The installation, first reported by Hyperallergic, is based on an October 28 tweet by the anonymous feminist art collective.

“We thought the message could be even more powerful in front of the museum,” RJ Rushmore, the cofounder of Art in Ad Places, told Artnet News. “We simply offered to help make that happen. This was an opportunity to amplify the Guerrilla Girls’ message. It will take continued pressure, but we expect MoMA will eventually reach out to the Guerrilla Girls and take them up on their offer. Why not?”

A serial pedophile, Epstein nevertheless associated with some of the world’s richest and most powerful men and women, with high-profile social contacts listed along with over 100 underage victims in his “little black book.”

Among his contacts were Black, now the president of MoMA’s board of trustees. Black employed Epstein as a director of his family foundation until the end of 2012, despite Epstein’s 2008 sex crimes conviction. He was also an investor, along with Epstein, in a company run in part by Black’s children.

According to Bloomberg, Black also invited Epstein “to pitch personal tax strategies” to his firm years after Epstein had been registered as a sex offender. (Black has denied the Bloomberg claim.)

Epstein was also close with Dubin and his wife, Eva Andersson-Dubin, who dated Epstein before marrying her husband in 1994. Even after Epstein’s sex crimes conviction in 2008, he was invited to their home for Thanksgiving dinner the following year, according to Vanity Fair.

Andersson-Dubin even wrote an email to Epstein’s probation officer saying she was “100% comfortable with Jeffrey Epstein around my children,” who were minors at the time.

As of press time, MoMA has not responded to Artnet News inquiries regarding the poster.

The Guerrilla Girls poster calling on the Museum of Modern Art to cut ties with donors linked to Jeffrey Epstein. Photo by Luna Park, courtesy of Art in Ad Places.

Other MoMA board members, such as Laurence D. Fink, who has investments in private prisons, and Steven Tananbaum, who has allegedly profited from Puerto Rico’s debt crisis, have also been the subjects of protests at the museum.

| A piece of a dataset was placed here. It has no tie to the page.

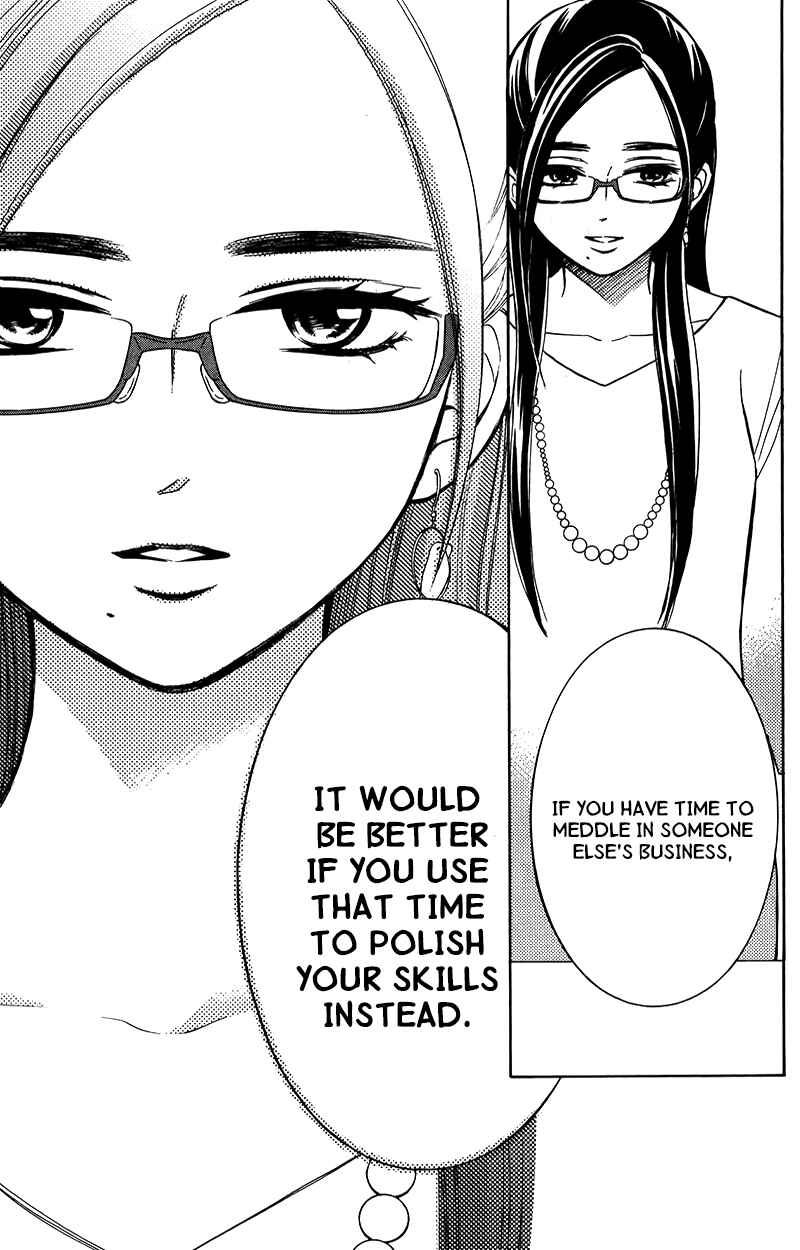 Page 8 Chapter 4 HOPE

Museum donors and trustees are coming under increased scrutiny after the resignation of Warren Kanders from the board of the Whitney Museum of American art following a prolonged protest campaign.

“We’ve been feeling very inspired by groups like P.A.I.N. and Decolonize This Place, as well as writers like Anand Giridharadas and Edgar Villanueva, all of whom are challenging cultural institutions to rethink philanthropy,” Rushmore, the Art in Ad Places cofounder, told Artnet News. “It seems like maybe, if MoMA is trying to create a safe and comfortable environment for artists and visitors, they should have fewer ties to Jeffrey Epstein.”

Rushmore cofounded Art in Ad Places in 2017 with photographer Luna Park and actor Caroline Caldwell, launching a year-long campaign to replace phone-booth ads with posters by new artists each week. Some artworks have been removed within days, while others have lasted up to six months.

As of Tuesday morning, the Guerrilla Girls advertisement was still in place outside MoMA.